Top of Information given
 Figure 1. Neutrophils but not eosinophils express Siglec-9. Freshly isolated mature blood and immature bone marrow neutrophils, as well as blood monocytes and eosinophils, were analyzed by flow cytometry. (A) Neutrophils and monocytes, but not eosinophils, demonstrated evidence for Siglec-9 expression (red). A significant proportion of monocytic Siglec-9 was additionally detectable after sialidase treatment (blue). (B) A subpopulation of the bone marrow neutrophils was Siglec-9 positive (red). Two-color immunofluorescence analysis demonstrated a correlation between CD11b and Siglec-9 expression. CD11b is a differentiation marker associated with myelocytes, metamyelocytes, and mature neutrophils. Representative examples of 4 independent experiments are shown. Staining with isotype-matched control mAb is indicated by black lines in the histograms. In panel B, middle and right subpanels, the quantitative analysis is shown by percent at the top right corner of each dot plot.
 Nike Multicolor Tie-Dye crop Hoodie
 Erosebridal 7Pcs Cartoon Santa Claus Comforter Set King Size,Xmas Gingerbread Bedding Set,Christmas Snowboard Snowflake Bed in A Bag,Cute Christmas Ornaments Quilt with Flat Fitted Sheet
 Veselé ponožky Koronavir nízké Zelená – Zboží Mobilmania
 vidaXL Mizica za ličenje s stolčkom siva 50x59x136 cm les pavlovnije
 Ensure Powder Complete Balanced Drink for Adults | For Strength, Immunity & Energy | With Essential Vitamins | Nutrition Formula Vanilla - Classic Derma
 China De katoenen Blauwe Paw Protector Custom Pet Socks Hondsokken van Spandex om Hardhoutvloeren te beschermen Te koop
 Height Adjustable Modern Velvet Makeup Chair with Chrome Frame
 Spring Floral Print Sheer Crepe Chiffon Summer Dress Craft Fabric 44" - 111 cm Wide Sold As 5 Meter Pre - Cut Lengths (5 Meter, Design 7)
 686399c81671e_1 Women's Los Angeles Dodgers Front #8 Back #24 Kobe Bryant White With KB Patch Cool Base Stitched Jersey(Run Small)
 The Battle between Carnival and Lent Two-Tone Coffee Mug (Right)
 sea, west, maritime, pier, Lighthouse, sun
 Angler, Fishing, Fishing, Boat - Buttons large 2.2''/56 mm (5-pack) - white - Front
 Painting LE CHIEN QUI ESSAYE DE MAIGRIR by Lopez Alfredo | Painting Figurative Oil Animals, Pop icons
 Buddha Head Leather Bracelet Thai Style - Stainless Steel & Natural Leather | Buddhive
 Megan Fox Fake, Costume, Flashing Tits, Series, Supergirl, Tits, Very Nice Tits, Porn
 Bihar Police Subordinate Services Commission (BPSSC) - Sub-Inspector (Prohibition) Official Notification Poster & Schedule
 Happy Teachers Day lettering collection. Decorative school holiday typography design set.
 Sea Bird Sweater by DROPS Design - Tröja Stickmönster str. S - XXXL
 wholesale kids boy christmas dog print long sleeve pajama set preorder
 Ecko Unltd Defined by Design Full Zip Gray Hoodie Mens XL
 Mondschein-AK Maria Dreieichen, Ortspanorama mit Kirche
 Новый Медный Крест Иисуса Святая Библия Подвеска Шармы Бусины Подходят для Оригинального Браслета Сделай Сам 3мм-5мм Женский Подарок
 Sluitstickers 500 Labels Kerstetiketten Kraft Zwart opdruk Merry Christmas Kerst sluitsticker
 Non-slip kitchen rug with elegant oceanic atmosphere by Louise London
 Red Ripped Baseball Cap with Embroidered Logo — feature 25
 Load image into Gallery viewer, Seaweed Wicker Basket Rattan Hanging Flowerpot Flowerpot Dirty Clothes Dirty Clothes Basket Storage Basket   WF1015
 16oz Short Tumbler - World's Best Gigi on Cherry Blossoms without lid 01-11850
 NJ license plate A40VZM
Bottom of Information given
Problem:
Looking at the records above, return exactly the lines from the line with "China De katoenen" to the line with "Angler, Fishing, Fishing, Boat", both ends included.

Response area:
 China De katoenen Blauwe Paw Protector Custom Pet Socks Hondsokken van Spandex om Hardhoutvloeren te beschermen Te koop
 Height Adjustable Modern Velvet Makeup Chair with Chrome Frame
 Spring Floral Print Sheer Crepe Chiffon Summer Dress Craft Fabric 44" - 111 cm Wide Sold As 5 Meter Pre - Cut Lengths (5 Meter, Design 7)
 686399c81671e_1 Women's Los Angeles Dodgers Front #8 Back #24 Kobe Bryant White With KB Patch Cool Base Stitched Jersey(Run Small)
 The Battle between Carnival and Lent Two-Tone Coffee Mug (Right)
 sea, west, maritime, pier, Lighthouse, sun
 Angler, Fishing, Fishing, Boat - Buttons large 2.2''/56 mm (5-pack) - white - Front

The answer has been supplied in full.